** PROBLEM REQUIREMENTS **
Your answer should consist only of the lines below from the one with "Rekomendasi 10 Serum" through the one with "Hyperopia és glaucoma", copied exactly.

EXERCISE DATA Start Marker

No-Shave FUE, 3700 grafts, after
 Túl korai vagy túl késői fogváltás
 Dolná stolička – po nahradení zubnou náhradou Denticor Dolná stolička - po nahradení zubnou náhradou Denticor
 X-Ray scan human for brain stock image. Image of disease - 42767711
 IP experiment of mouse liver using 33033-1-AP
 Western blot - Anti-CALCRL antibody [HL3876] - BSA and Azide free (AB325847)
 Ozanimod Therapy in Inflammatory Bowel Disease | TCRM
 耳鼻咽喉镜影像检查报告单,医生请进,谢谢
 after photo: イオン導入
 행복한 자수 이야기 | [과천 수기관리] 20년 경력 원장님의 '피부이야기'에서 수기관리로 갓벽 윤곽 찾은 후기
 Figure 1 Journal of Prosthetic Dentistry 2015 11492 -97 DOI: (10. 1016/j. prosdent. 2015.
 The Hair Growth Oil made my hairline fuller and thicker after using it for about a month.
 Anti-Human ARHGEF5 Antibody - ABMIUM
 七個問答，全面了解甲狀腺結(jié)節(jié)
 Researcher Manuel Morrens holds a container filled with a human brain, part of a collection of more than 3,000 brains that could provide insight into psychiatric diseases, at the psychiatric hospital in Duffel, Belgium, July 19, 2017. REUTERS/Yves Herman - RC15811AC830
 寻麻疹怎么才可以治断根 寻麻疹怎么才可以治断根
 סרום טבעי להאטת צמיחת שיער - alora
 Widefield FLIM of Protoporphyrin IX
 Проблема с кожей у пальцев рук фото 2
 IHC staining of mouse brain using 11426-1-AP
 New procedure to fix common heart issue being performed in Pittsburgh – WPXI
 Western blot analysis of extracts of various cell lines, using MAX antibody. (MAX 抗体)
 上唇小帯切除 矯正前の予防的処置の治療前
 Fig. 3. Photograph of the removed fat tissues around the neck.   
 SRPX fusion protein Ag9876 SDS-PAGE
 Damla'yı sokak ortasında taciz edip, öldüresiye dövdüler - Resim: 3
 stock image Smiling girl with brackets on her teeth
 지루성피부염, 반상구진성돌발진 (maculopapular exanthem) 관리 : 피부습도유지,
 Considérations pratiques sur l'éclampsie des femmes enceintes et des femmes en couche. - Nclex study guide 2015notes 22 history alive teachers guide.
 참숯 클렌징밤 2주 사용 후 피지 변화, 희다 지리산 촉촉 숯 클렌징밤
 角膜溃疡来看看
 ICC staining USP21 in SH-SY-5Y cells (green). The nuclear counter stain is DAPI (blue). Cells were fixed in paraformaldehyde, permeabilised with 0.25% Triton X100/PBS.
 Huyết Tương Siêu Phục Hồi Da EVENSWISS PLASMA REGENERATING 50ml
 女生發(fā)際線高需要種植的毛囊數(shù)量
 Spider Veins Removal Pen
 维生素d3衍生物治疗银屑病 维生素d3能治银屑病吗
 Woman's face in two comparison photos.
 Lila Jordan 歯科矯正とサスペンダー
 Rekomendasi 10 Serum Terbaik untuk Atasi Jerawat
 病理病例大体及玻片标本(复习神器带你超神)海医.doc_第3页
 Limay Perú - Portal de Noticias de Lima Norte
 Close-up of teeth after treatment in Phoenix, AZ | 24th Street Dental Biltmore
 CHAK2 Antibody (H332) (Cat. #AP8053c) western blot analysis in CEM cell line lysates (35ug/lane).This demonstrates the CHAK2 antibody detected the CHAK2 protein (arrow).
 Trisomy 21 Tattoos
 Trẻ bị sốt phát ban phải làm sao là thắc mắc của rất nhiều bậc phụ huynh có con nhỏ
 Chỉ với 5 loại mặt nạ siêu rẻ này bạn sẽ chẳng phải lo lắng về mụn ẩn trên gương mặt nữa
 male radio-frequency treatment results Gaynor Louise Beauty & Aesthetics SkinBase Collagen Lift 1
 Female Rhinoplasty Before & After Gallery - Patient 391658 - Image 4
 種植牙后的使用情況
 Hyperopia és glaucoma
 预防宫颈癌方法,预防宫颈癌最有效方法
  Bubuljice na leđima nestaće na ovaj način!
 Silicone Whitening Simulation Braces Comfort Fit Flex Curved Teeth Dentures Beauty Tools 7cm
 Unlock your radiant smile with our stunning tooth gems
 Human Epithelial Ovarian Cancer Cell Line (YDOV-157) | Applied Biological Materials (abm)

EXERCISE DATA End Marker

** EXERCISE ANSWER **
 Rekomendasi 10 Serum Terbaik untuk Atasi Jerawat
 病理病例大体及玻片标本(复习神器带你超神)海医.doc_第3页
 Limay Perú - Portal de Noticias de Lima Norte
 Close-up of teeth after treatment in Phoenix, AZ | 24th Street Dental Biltmore
 CHAK2 Antibody (H332) (Cat. #AP8053c) western blot analysis in CEM cell line lysates (35ug/lane).This demonstrates the CHAK2 antibody detected the CHAK2 protein (arrow).
 Trisomy 21 Tattoos
 Trẻ bị sốt phát ban phải làm sao là thắc mắc của rất nhiều bậc phụ huynh có con nhỏ
 Chỉ với 5 loại mặt nạ siêu rẻ này bạn sẽ chẳng phải lo lắng về mụn ẩn trên gương mặt nữa
 male radio-frequency treatment results Gaynor Louise Beauty & Aesthetics SkinBase Collagen Lift 1
 Female Rhinoplasty Before & After Gallery - Patient 391658 - Image 4
 種植牙后的使用情況
 Hyperopia és glaucoma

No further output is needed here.